- To do -
Begin at the top of the records and copy each line exactly. The line containing "LE BAKERS BAKING" is the last one to include.

━━━━━━━━

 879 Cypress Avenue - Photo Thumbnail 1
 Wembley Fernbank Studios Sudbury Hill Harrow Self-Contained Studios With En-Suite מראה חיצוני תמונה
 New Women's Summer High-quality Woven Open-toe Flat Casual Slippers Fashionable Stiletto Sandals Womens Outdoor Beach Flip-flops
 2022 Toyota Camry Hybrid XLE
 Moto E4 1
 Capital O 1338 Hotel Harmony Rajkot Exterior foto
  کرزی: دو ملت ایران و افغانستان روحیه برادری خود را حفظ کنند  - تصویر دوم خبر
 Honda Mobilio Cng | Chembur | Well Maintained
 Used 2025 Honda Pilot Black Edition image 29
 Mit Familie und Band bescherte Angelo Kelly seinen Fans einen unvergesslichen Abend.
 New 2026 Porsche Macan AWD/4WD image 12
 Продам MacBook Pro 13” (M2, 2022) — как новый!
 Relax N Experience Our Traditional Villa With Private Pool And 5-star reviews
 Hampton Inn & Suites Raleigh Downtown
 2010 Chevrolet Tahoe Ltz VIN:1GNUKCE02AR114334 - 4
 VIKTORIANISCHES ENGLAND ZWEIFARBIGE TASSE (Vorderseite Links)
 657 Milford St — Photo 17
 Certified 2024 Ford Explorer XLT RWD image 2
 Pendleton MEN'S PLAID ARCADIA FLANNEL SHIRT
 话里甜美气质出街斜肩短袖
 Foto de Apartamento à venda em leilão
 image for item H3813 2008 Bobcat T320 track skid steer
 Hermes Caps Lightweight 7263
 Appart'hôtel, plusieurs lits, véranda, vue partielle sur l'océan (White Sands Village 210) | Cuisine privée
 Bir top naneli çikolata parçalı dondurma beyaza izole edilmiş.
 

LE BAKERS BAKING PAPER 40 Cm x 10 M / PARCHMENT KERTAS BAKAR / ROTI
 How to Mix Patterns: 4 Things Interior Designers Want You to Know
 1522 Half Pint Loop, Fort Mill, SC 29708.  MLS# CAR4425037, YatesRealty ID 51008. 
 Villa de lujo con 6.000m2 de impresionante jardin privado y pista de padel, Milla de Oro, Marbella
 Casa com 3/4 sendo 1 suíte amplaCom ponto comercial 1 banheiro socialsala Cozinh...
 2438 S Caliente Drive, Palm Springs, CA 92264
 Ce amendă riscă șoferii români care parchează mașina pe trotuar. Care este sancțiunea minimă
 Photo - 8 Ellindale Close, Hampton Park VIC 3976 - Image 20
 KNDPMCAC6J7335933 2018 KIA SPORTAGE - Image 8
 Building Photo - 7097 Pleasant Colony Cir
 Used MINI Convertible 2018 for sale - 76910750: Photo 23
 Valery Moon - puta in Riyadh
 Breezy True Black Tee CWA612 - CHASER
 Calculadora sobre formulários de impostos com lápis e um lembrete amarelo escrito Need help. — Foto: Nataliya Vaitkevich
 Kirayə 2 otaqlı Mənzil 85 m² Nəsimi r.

━━━━━━━━

- Result for this task -
 879 Cypress Avenue - Photo Thumbnail 1
 Wembley Fernbank Studios Sudbury Hill Harrow Self-Contained Studios With En-Suite מראה חיצוני תמונה
 New Women's Summer High-quality Woven Open-toe Flat Casual Slippers Fashionable Stiletto Sandals Womens Outdoor Beach Flip-flops
 2022 Toyota Camry Hybrid XLE
 Moto E4 1
 Capital O 1338 Hotel Harmony Rajkot Exterior foto
  کرزی: دو ملت ایران و افغانستان روحیه برادری خود را حفظ کنند  - تصویر دوم خبر
 Honda Mobilio Cng | Chembur | Well Maintained
 Used 2025 Honda Pilot Black Edition image 29
 Mit Familie und Band bescherte Angelo Kelly seinen Fans einen unvergesslichen Abend.
 New 2026 Porsche Macan AWD/4WD image 12
 Продам MacBook Pro 13” (M2, 2022) — как новый!
 Relax N Experience Our Traditional Villa With Private Pool And 5-star reviews
 Hampton Inn & Suites Raleigh Downtown
 2010 Chevrolet Tahoe Ltz VIN:1GNUKCE02AR114334 - 4
 VIKTORIANISCHES ENGLAND ZWEIFARBIGE TASSE (Vorderseite Links)
 657 Milford St — Photo 17
 Certified 2024 Ford Explorer XLT RWD image 2
 Pendleton MEN'S PLAID ARCADIA FLANNEL SHIRT
 话里甜美气质出街斜肩短袖
 Foto de Apartamento à venda em leilão
 image for item H3813 2008 Bobcat T320 track skid steer
 Hermes Caps Lightweight 7263
 Appart'hôtel, plusieurs lits, véranda, vue partielle sur l'océan (White Sands Village 210) | Cuisine privée
 Bir top naneli çikolata parçalı dondurma beyaza izole edilmiş.
 

LE BAKERS BAKING PAPER 40 Cm x 10 M / PARCHMENT KERTAS BAKAR / ROTI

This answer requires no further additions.